EXERCISE BRIEF:
Among the lines below, restate word for word only those from the line with "Dragon Viking With" through the line with "thumbnail image 1", with both end lines kept.

EXERCISE DATA:
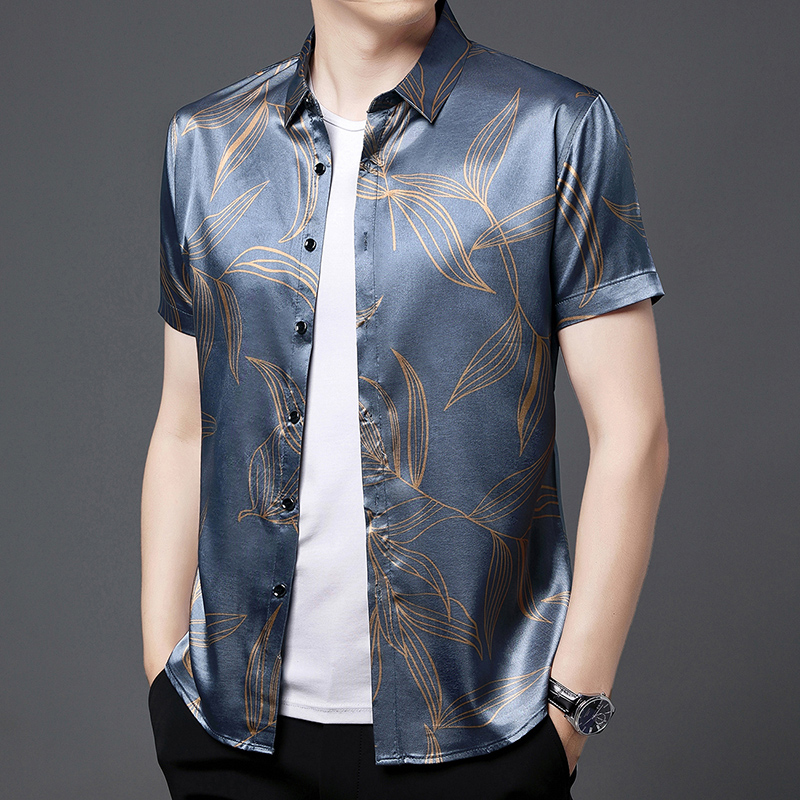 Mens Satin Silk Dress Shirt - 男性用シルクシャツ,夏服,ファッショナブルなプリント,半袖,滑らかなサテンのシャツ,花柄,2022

...

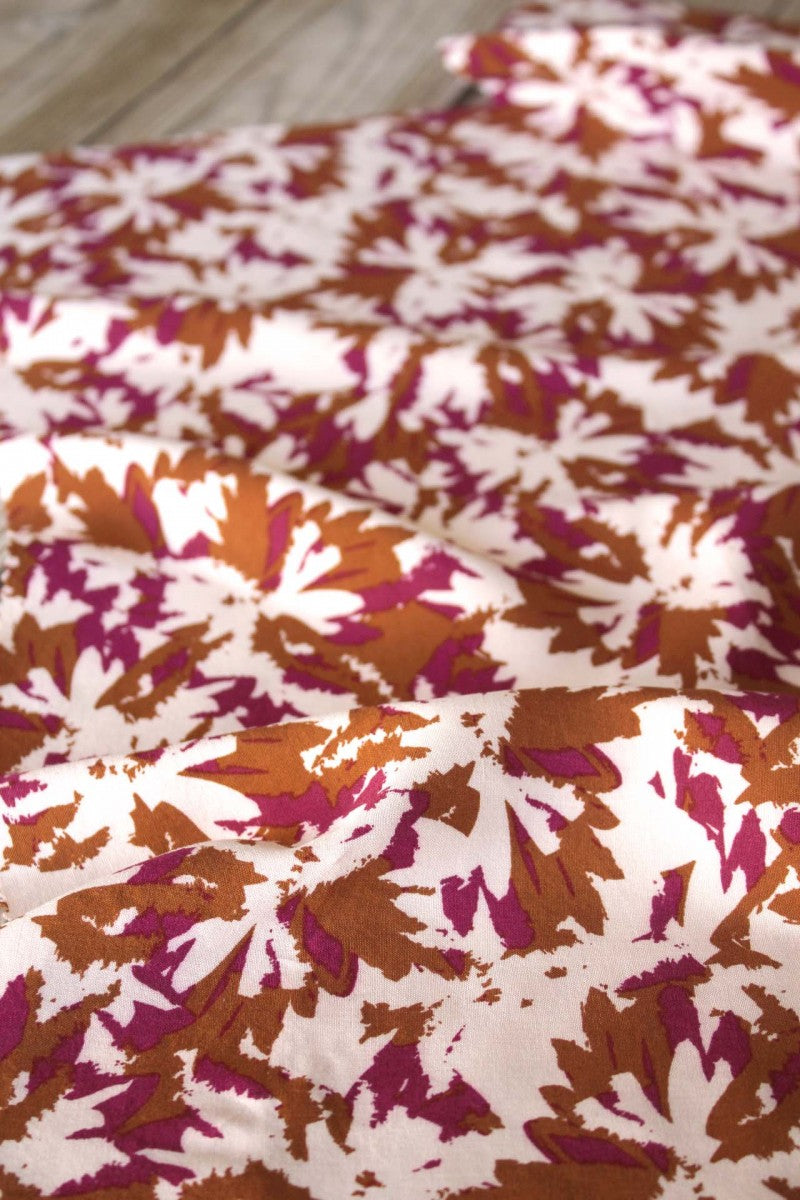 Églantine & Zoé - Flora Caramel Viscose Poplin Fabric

...

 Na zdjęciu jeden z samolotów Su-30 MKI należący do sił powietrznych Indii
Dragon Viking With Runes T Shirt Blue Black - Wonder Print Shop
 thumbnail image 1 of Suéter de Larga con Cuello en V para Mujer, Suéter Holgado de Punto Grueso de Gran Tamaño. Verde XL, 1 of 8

FINAL ANSWER:
Dragon Viking With Runes T Shirt Blue Black - Wonder Print Shop
 thumbnail image 1 of Suéter de Larga con Cuello en V para Mujer, Suéter Holgado de Punto Grueso de Gran Tamaño. Verde XL, 1 of 8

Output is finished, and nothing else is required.